• _Materials provided_:
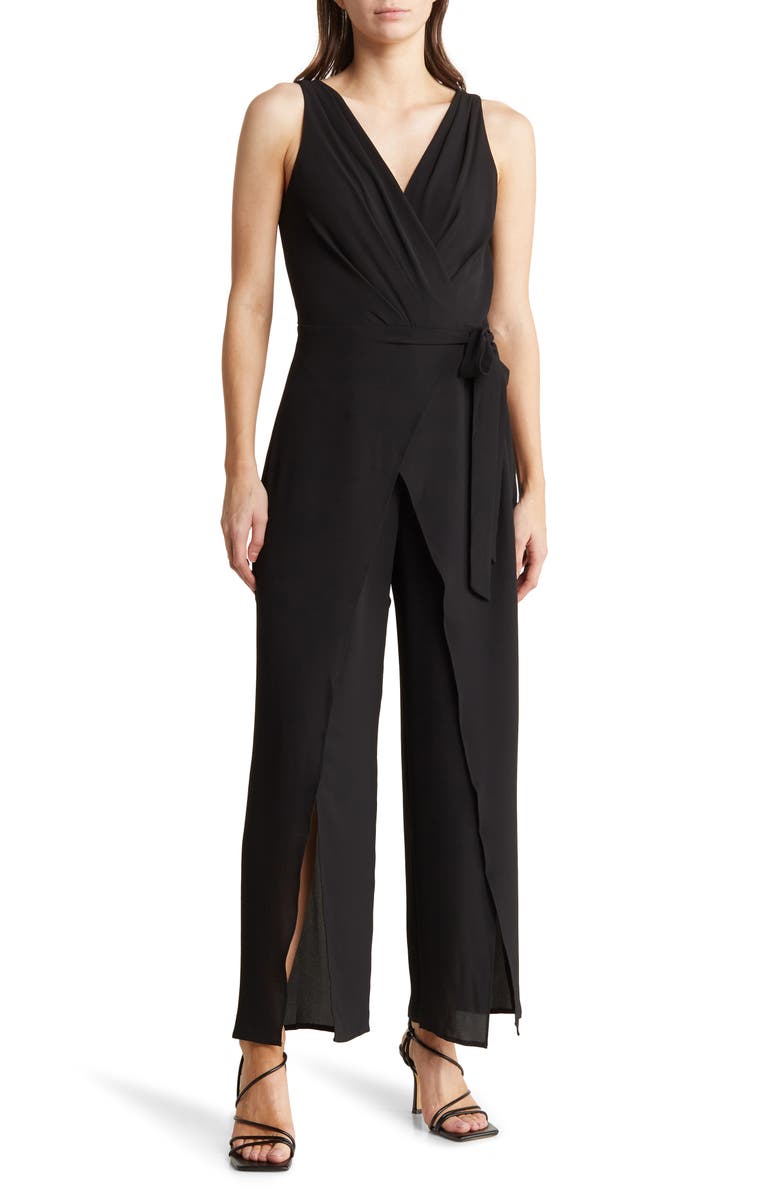 London Times Solid Side Tie Jumpsuit, Main, color,
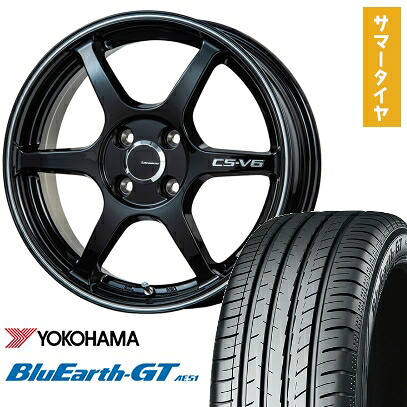 【取付対象】185/60R16 夏タイヤ ホイール4本セット YOKOHAMA ブルーアース GT AE51 (4/100車用) LEHRMEISTER CS-V6(グロスブラック/ラインポリッシュ) 16インチ【送料無料】 59,580円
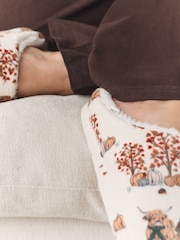 Cream/Orange Plush Mule Printed Slippers - Image 3 of 8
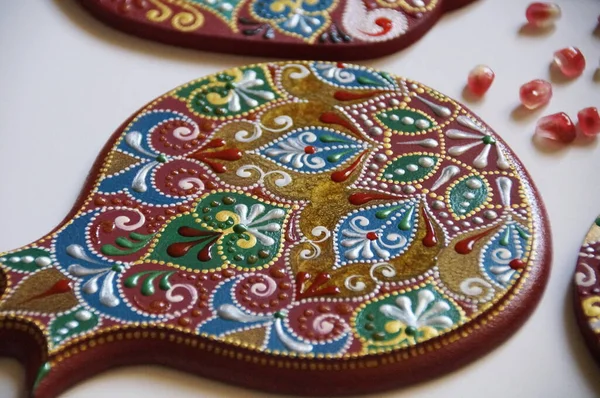 Handpainted Pomegranate Intricate Ornate Pattern Made Wood Painted Acrylic Colors — ストック写真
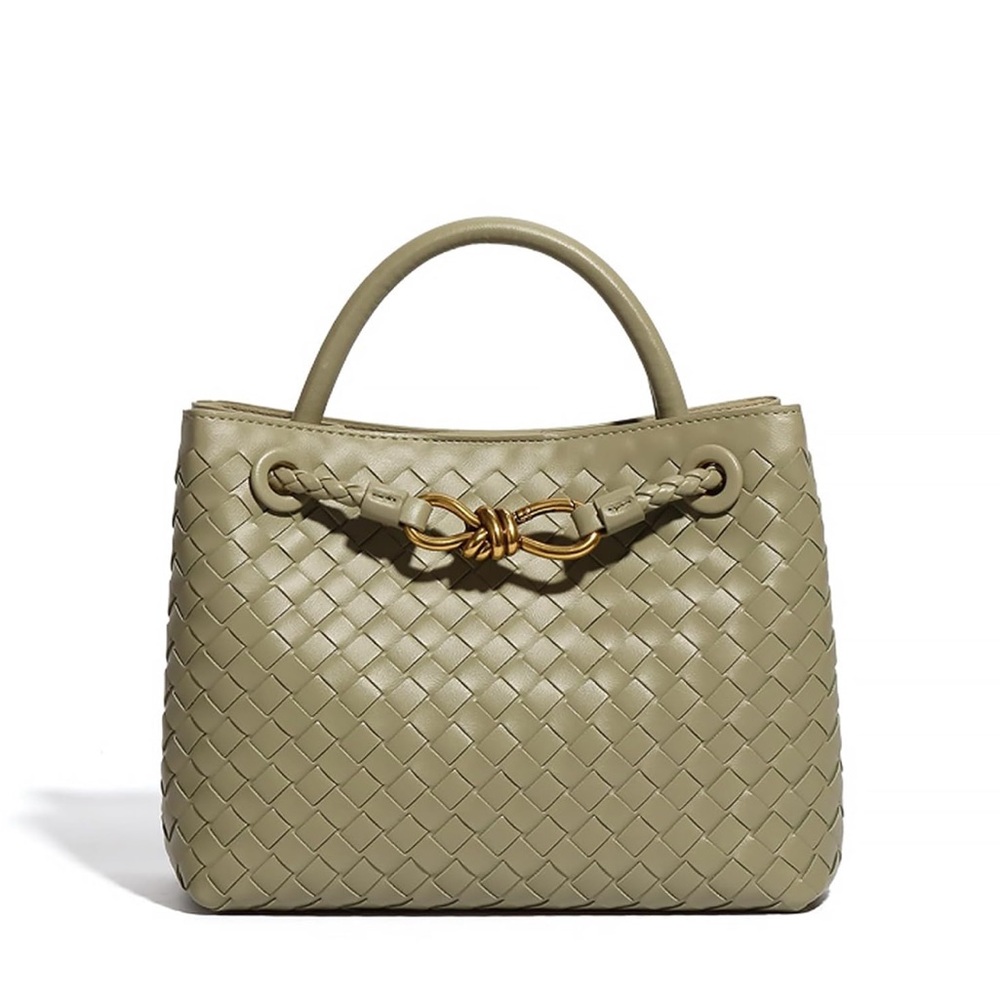 Vegan Leather Woven Handbag with Gold Accents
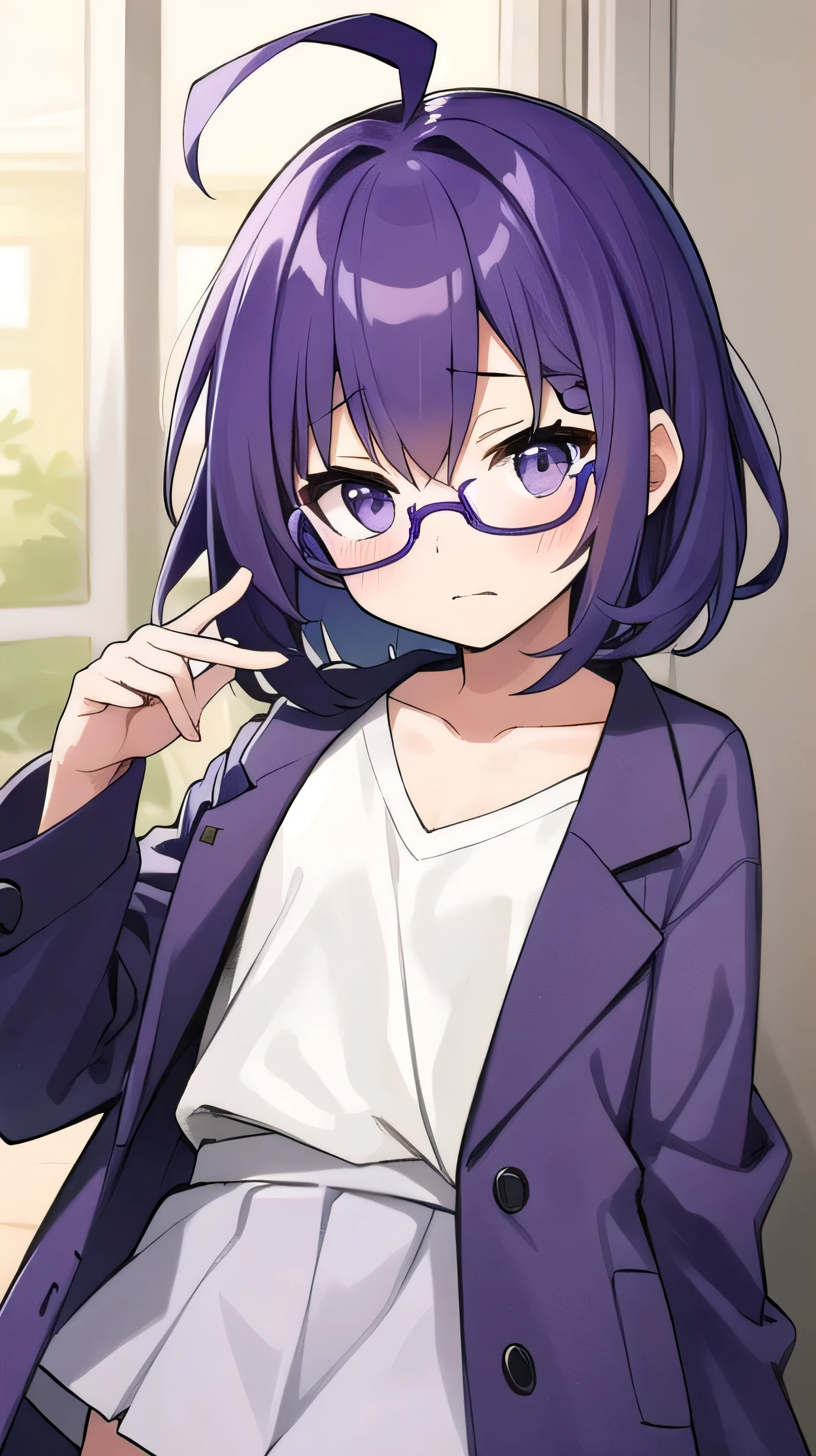 (adult), (man) ((tall)), ((ciel (tsukihime) )), masterpiece, best quality, very aesthetic, absurdres, shiny skin, Perfect face, Perfect shadowing, Perfect cloathing, skindentation, (dark blue hair)), messy fuss hair, purple eyes, colegial white shirt, black vest, glasses, ((black coat)), black cargo pants, colegial, carrying a wooden case with strap, bags under eyes, (faint smile), ((draw by asura)).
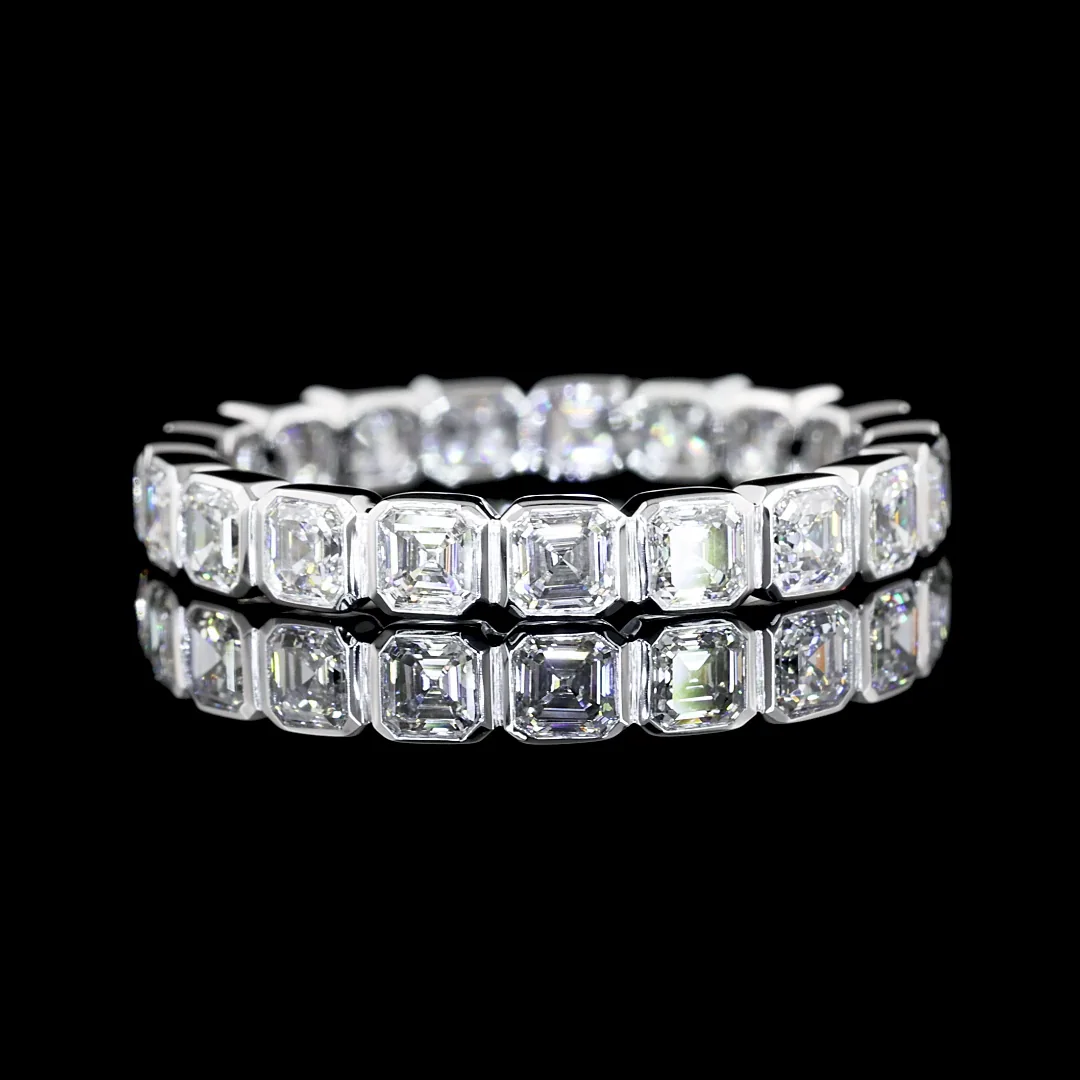1.9 Cts 14k White Gold Asscher Shape Eternity Band Eternity Band - Video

• _Exercise directions_:
From the line containing "Handpainted Pomegranate Intricate" down to the final line of the listing above, write out only those lines exactly as they are, minus the pictures.

• _Task solution_:
 Handpainted Pomegranate Intricate Ornate Pattern Made Wood Painted Acrylic Colors — ストック写真
 Vegan Leather Woven Handbag with Gold Accents
 (adult), (man) ((tall)), ((ciel (tsukihime) )), masterpiece, best quality, very aesthetic, absurdres, shiny skin, Perfect face, Perfect shadowing, Perfect cloathing, skindentation, (dark blue hair)), messy fuss hair, purple eyes, colegial white shirt, black vest, glasses, ((black coat)), black cargo pants, colegial, carrying a wooden case with strap, bags under eyes, (faint smile), ((draw by asura)).
1.9 Cts 14k White Gold Asscher Shape Eternity Band Eternity Band - Video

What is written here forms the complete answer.